Last night, I read the news that Leonard Cohen had died. Immediately, I wanted to call my college roommate, who introduced me to his music and poetry. She was the one person on earth who I wanted to talk to, to say, have you heard the news? I feel so sad. When Carol Shields died many years ago, it was my mom who I wanted to call. It is as if relationships are embedded with art, or art is embedded with relationships, intense, personal relationships. A song is more than a soundtrack to an experience, or some songs are. Some songs are experiences.
I learned to play piano by ear by playing Suzanne and Bird on a Wire.
That’s an experience.
I’m writing this while listening to CBC Radio Two’s special on Leonard Cohen. So my thoughts are scattered. I’m listening to Leonard Cohen sing Suzanne, in fact.
Yesterday, I went to two movies at a feminist film festival playing town. Both movies were labours of love, the filmmakers following their subjects for years. The first movie, called Driving with Selvi, was about an Indian woman who became a taxi driver; but it was also about child marriage, and forced prostitution, and the precarious existence as a young woman unprotected by her family or the law. Through it all, Selvi’s radiant personality shone like a beacon of joy and gratitude, for all that she had. The second movie, called The Apology, told the story of three women, known now as the grandmothers, who had been forced into sexual slavery in World War Two by the Japanese military; all were teenagers when they were kidnapped, two were 13 or 14. I watched this movie with my mom and my almost-14-year-old daughter, and we wept. A lot. The grandmothers carried so much pain, decades of hiding and shame, and yet here at the end of their lives, as they protested to publicize this hidden chapter of history and supported each other, it was their dignity that shone through. They were tired. But they had a vision for peace and healing.

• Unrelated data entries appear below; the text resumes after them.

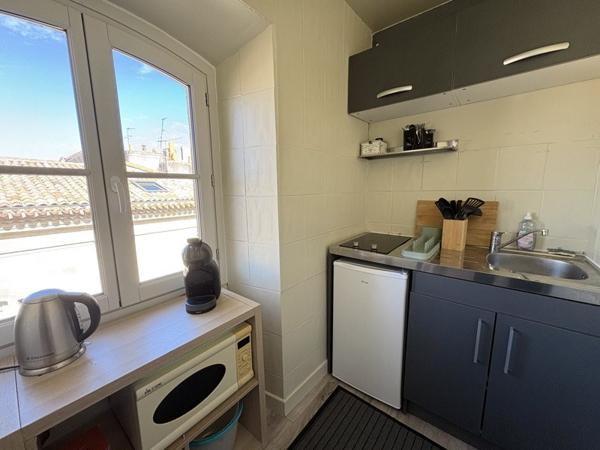 Appartement à louer 820 € CC Bordeaux 2 p 45 m² DPE D
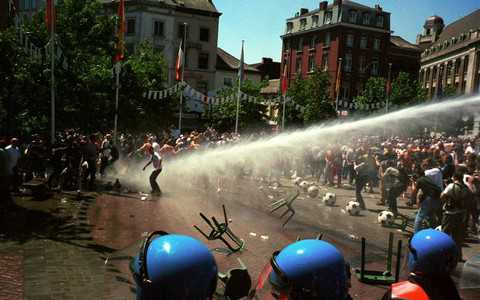 Protesty i zamieszki na ulicach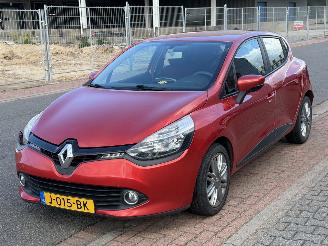 krockskadad bil auto Renault Clio 0.9 TCe Navi Airco 2013/2
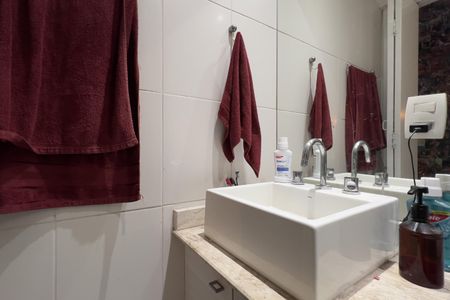 Apartamento à venda com 134m², 3 quartos e 2 vagas Apartamento à venda com 134m², 3 quartos e 2 vagasBanheiro da Suíte 1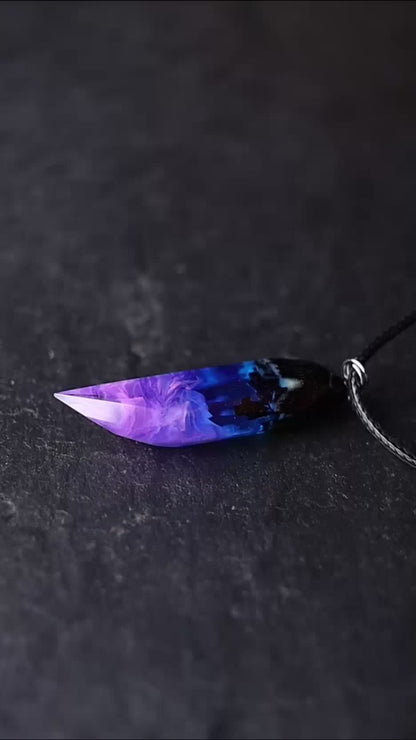 Nighfall light Fang Faceted pendant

Both were Canadian-made films, by female directors.
Both were an antidote to the despondence I’ve been feeling. These were not perfect stories about perfect people with perfect endings. These were stories of perseverance and injustice and work and hope and love. These women, in both movies, were so loved.
I went for a run this morning, a pathetic wheezing run into the chilly wind, and I went with a friend, because I wouldn’t have gone otherwise. My friend told me that she wished her work involved making things; to which I replied that I wished my work involved doing things. We laughed. We wondered if we were on the right track, in that general way that people wonder; is it too late, am I locked in, now, now that I’ve devoted myself to a single pursuit?
I think, way back when, that I wanted to be an artist, the way the Leonard Cohen was an artist; I think this is what I imagined, along with my college roommate, when we listened to his songs and read his poems. We imagined ourselves immersed in ideas and emotion and symbolism and significance, which sounds abstract, but felt, in the moment, intensely real, like we would be swimmers in a great universal ocean, like we would be poets.
Wherever I was going with this post, it’s gone. I’ve lost the thread.
I think we have much to struggle against now and going forward. Art is where I’m turning for comfort. Art is what I’ve got, and so far it’s the only answer I can give.
xo, Carrie
When I heard the news last night I immediately wanted to speak to my daughter in Montreal. A large part of her dissertation was about Leonard (she calls him by his first name even though she has never met him) and I knew she would want to talk. Luckily she is coming into town this weekend. For my seventeenth birthday nearly sixty years ago a girlfriend gave me his Selected Poems 1956–1968, and for a moment I wanted to call her too.